妈妈是个生活在北方的南方姑娘,她在大部分时候是不容置疑的,严肃的。反正在我的印象里是这样,至于她由于年龄的增长而对弟弟的纵容大概并不会影响我心里几十年来建立起的形象。除此之外她偶尔也会表现出一些苏州女子的温柔,这种温柔和严肃的教育结合起来就成了妈妈对我的叮嘱:“以后能回来尽量多回家陪陪弟弟和我们,这样的日子会越来越少的。”就是这样一句轻轻地话,似乎可以作为一条沉重地铁链,拴住我远飞的心脏。
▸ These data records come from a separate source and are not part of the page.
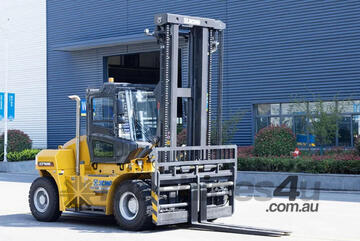 XCMG 16T Forklift | Diesel | Model: XCF1606K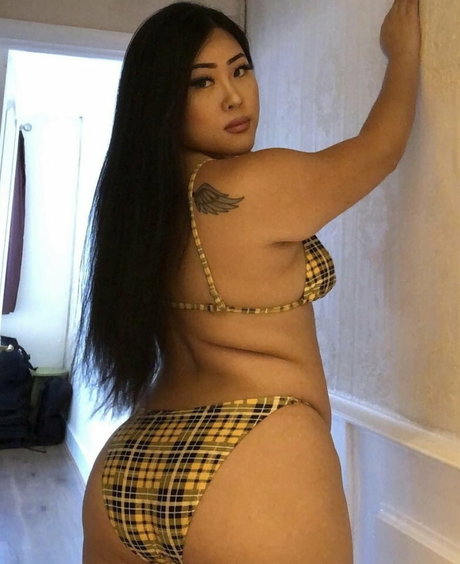 Jin Baek ポルノスター xxx 写真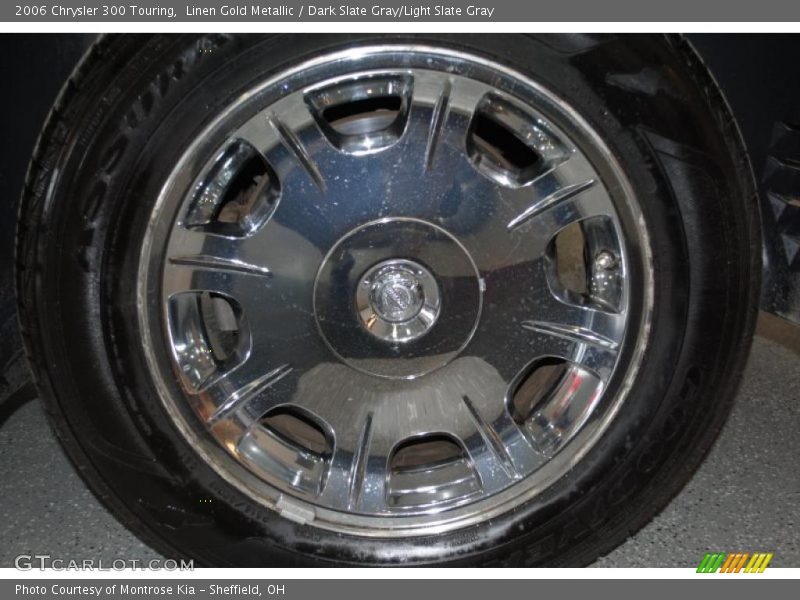 Linen Gold Metallic / Dark Slate Gray/Light Slate Gray 2006 Chrysler 300 Touring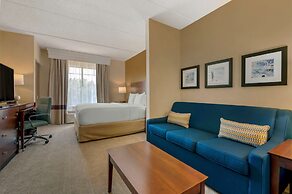 Comfort Suites Near Universal Orlando Resort
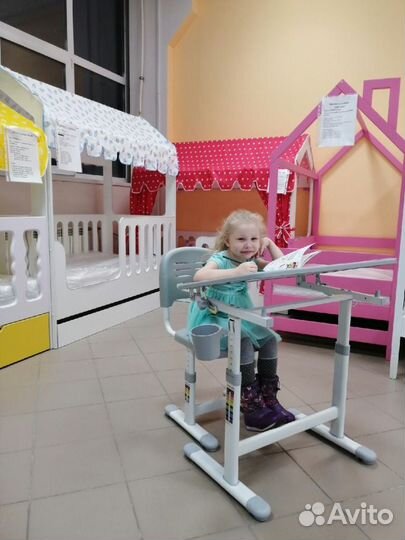 Растущая парта плюс стул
我总算能理解一点陆焉识为“可怜的女人们”牺牲自由的心境了。

但是我大抵做不到和陆焉识一样找准机会远走他乡享受几年的自由,因为我并未觉得是什么“可怜”的人让我牺牲了自由,我是心甘情愿不远走的。若非如此我也不会发现自己的“浪子”性了,就好像发现自己不够聪明的人往往不是蠢人一般,发现自己是“浪子”的人往往做不得浪子。现在我不但不风流,更比一般浪子要多了一种恋家的秉性。

我是在今天早上发现自己其实很恋家的,就在我无意间看了眼日期发觉自己就要在两天之后离开家的时刻。那一瞬间,我突然对在家中的生活产生了极大的眷恋,这是从未有过的感觉,以至于我在察觉到后甚至有些恍惚。以往数次离开家,我的心里要么是对新生活的期盼,要么是对将要去到的环境的排斥,要么是没有波澜的麻木,像今天这样对家的眷恋的的确确是第一次出现在我的心里。后来的几个小时里我反复咀嚼着这种味道,才从中咂摸出一些深意。

约莫七年后第一次回到曾经最熟悉的地方过年,我已经大二。同初高中暑假回来不同,我对大学的生活环境并不厌恶,因此在离家前心中并没有因为要回到封闭的环境而产生的对高墙外面的世界的不舍;同刚上初中、高中、大学时不同,我心中没有对新环境的期盼;同大一寒假离开家不同,我心里没有了繁重的学业带给我的压力,恰好今年我的一帮狐朋狗友也沉寂了,没有三天两头约我出门厮混,于是我把身心几乎十分地投入了家里,不知不觉地恋上了家。

我的心叫家里的安逸捆住了,我的眼也就看到家的可爱和脆弱。它是那么地柔软,没有一丝棱角,让我忙碌了许久的精神得到了久违地放松,我的心思从未如此毫无负担地沉静过,沉静地我都快要忘了过去一年的处心积虑。它又是那么地脆弱,爸妈鬓角的白发和外婆偷偷抹掉的眼泪几乎在不停地告诫我要珍惜这些时光,不知道那一天谁就再也见不到了,什么事便再也没机会做了,什么人突然就长大了,哪些话就再没机会说了。于是我不得不恋家,不敢不恋家。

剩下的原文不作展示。